Matthew_Barnett comments on Imitation Learning is Probably Existentially Safe

Matthew_Barnett 30 Apr 2024 19:26 UTC
11 points
1 ∶ 1
I agree with the title and basic thesis of this article but I find its argumentation weak.
First, we’ll offer a simple argument that a sufficiently advanced supervised learning algorithm, trained to imitate humans, would very likely not gain total control over humanity (to the point of making everyone defenseless) and then cause or allow human extinction from that position.
No human has ever gained total control over humanity. It would be a very basic mistake to think anyone ever has. Moreover, if they did so, very few humans would accept human extinction. An imitation learner that successfully gained total control over humanity and then allowed human extinction would, on both counts, be an extremely poor imitation of any human, and easily distinguishable from one, whereas an advanced imitation learner will likely imitate humans well.
This basic observation should establish that any conclusion to the contrary should be very surprising, and so a high degree of rigor should be expected from arguments to that effect.
The obvious reason why no human has ever gained total control over humanity is because no human has ever possessed the capability to do so, not because no human would make the choice to do so if given the opportunity. This distinction is absolutely critical, because if humans have historically lacked total control due to insufficient ability rather than unwillingness, then the quoted argument essentially collapses. That’s because we have zero data on what a human would do if they suddenly acquired the power to exert total dominion over the rest of humanity. As a result, it is highly uncertain and speculative to claim that an AI imitating human behavior would refrain from seizing total control if it had that capability.

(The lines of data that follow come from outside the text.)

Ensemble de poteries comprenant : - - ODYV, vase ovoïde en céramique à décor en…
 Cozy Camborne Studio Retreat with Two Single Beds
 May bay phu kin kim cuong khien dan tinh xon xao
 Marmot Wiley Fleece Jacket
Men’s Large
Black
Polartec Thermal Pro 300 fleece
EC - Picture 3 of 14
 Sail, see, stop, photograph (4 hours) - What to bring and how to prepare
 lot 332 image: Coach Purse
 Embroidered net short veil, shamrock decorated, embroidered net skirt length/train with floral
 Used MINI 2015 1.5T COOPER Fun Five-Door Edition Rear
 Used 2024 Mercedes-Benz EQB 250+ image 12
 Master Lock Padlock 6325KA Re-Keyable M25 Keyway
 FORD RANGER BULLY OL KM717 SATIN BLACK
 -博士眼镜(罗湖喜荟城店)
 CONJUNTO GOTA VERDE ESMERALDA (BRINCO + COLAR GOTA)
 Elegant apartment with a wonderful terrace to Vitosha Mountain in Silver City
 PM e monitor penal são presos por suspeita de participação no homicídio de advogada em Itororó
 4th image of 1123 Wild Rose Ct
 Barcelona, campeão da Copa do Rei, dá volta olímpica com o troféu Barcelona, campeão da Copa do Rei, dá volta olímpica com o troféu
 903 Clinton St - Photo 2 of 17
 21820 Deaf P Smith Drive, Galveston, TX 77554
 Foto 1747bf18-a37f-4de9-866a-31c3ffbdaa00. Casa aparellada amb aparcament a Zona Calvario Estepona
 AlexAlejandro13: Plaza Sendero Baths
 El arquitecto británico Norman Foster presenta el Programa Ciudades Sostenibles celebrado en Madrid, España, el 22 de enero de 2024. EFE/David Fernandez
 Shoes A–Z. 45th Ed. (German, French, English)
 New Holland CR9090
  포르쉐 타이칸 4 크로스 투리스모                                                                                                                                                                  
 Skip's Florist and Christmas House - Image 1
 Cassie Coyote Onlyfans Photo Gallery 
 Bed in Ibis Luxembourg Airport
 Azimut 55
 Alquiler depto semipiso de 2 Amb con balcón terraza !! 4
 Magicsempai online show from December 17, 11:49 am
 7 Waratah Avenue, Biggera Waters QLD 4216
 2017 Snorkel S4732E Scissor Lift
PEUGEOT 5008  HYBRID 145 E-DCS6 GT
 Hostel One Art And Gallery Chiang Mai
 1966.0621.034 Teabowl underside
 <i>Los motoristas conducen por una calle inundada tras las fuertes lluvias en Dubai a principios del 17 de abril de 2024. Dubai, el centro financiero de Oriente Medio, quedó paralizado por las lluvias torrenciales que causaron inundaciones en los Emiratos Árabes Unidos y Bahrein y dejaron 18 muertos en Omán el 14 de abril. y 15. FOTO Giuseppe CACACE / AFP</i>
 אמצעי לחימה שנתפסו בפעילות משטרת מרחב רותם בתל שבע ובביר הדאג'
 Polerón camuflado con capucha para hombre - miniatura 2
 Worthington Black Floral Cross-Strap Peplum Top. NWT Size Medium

The authors seem to have overlooked this key distinction in their argument.
It takes no great leap of imagination to envision scenarios where, if a human was granted near-omnipotent abilities, some individuals would absolutely choose to subjugate the rest of humanity and rule over them in an unconstrained fashion. The primary reason I believe imitation learning is likely safe is that I am skeptical it will imbue AIs with godlike powers in the first place, not because I naively assume humans would nobly refrain from tyranny and oppression if they suddenly acquired such immense capabilities.
Note: Had the authors considered this point and argued that an imitation learner emulating humans would be safe precisely because it would not be very powerful, their argument would have been stronger. However, even if they had made this point, it likely would have provided only relatively weak support for the (perhaps implicit) thesis that building imitation learners is a promising and safe approach to building AIs. There are essentially countless proposals one can make for ensuring AI safety simply by limiting its capabilities. Relying solely on the weakness of an AI system as a safety guarantee seems like an unsound strategy to me in the long-run.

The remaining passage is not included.